三十五歳にして、五十以上の職を転々とした男。バーテンダー、トラック運転手、塾講師、システムエンジニア。その混沌とした経歴は、彼の本質が何一つ定まっていないことの証明のようでもあった。ただ、どの場所でも彼は人の心の機微、満たされぬ欲求の疼きを瞬時に見抜いた。それは天賦の才であり、同時に、彼自身を苛む呪いでもあった。
「名簿を写真に撮りたい、という衝動ですね。それは、なぜです?」 世良の声は、夏の暑さを感じさせない、一定の温度を保っている。
「なぜって……。だって、いけないことだから。いけないと分かっていることをしたくて、でも、しない。それを誰かに分かってもらうと、なんだか、ホッとする、というか……」 真澄の言葉は、熱に浮かされたように要領を得ない。
「なるほど。禁止と承認のループによる、自己存在の確認。強迫観念に対する防衛機制の一種ですね」 まるでAIのように、世良は事象を定義する。その正確さは時に人を救い、時に人を深く傷つけた。

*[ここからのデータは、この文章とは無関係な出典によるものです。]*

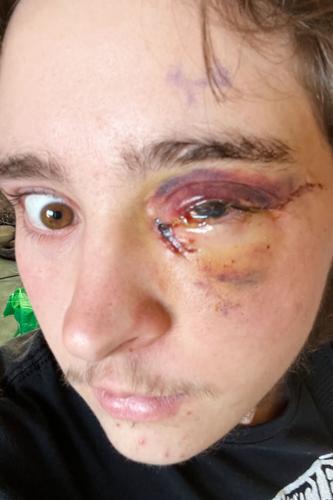 California Protester Injured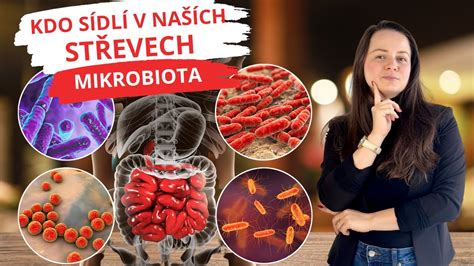 Schéma faktorov ovplyvňujúcich vaginálnu mikroflóru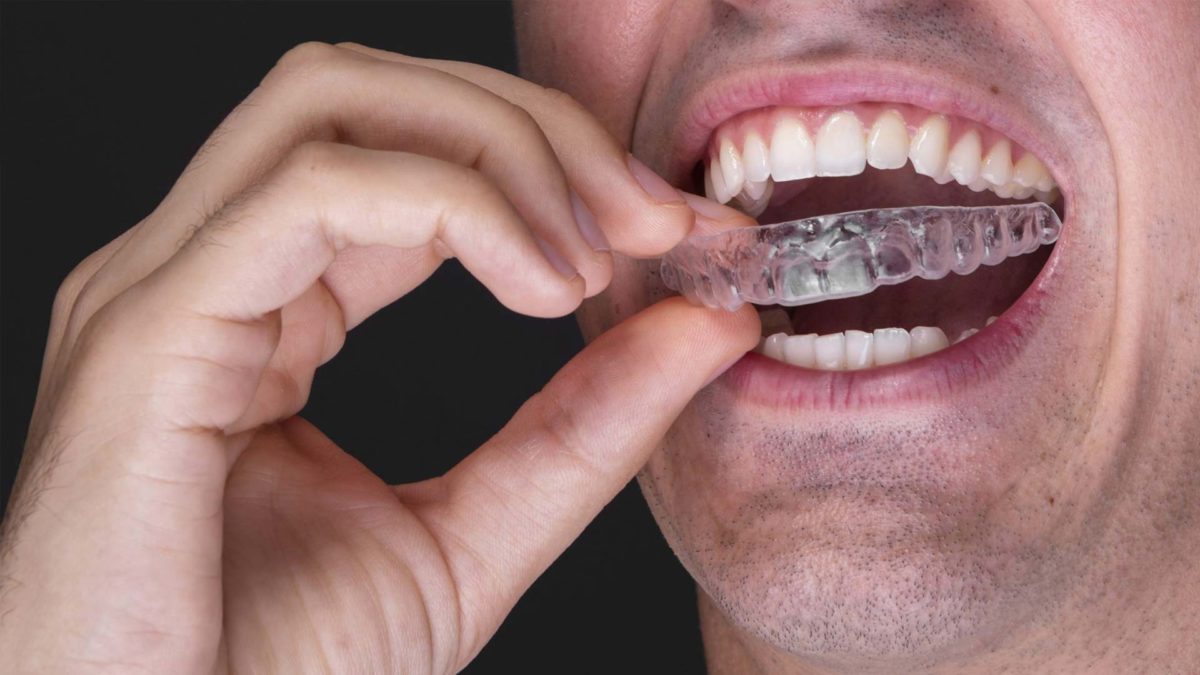 Clear custom mouth guard being held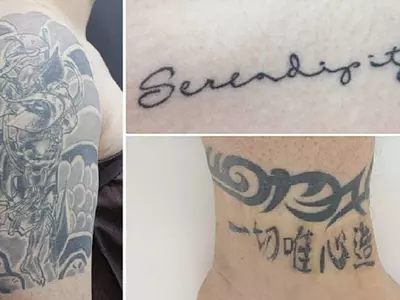 문신, 레이저로 쉽게 지운다?…“1년간 10회 이상 시술 필요”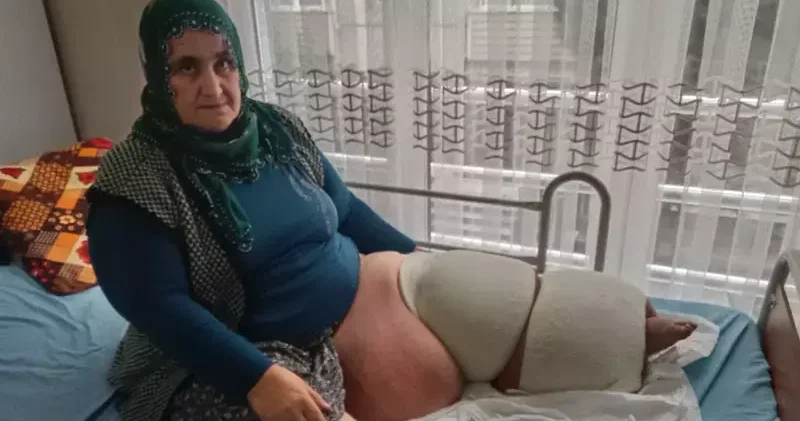 35 yıldır fil hastalığıyla mücadele ediyor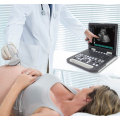 Scanner à ultrasons pour ordinateur portable numérique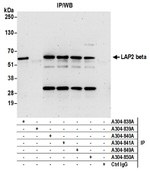 LAP2 beta gamma/TMPO Antibody in Western Blot (WB)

「先生は、いつも難しいことを言うのね」 真澄は不満そうに唇を尖らせた。糖尿病を患い、ダイエットを厳命されているにもかかわらず、彼女の鞄からは菓子パンの袋が覗いている。食欲という、より原始的な欲求には抗えない。そのアンバランスさこそが、小森真澄という人間の核心だった。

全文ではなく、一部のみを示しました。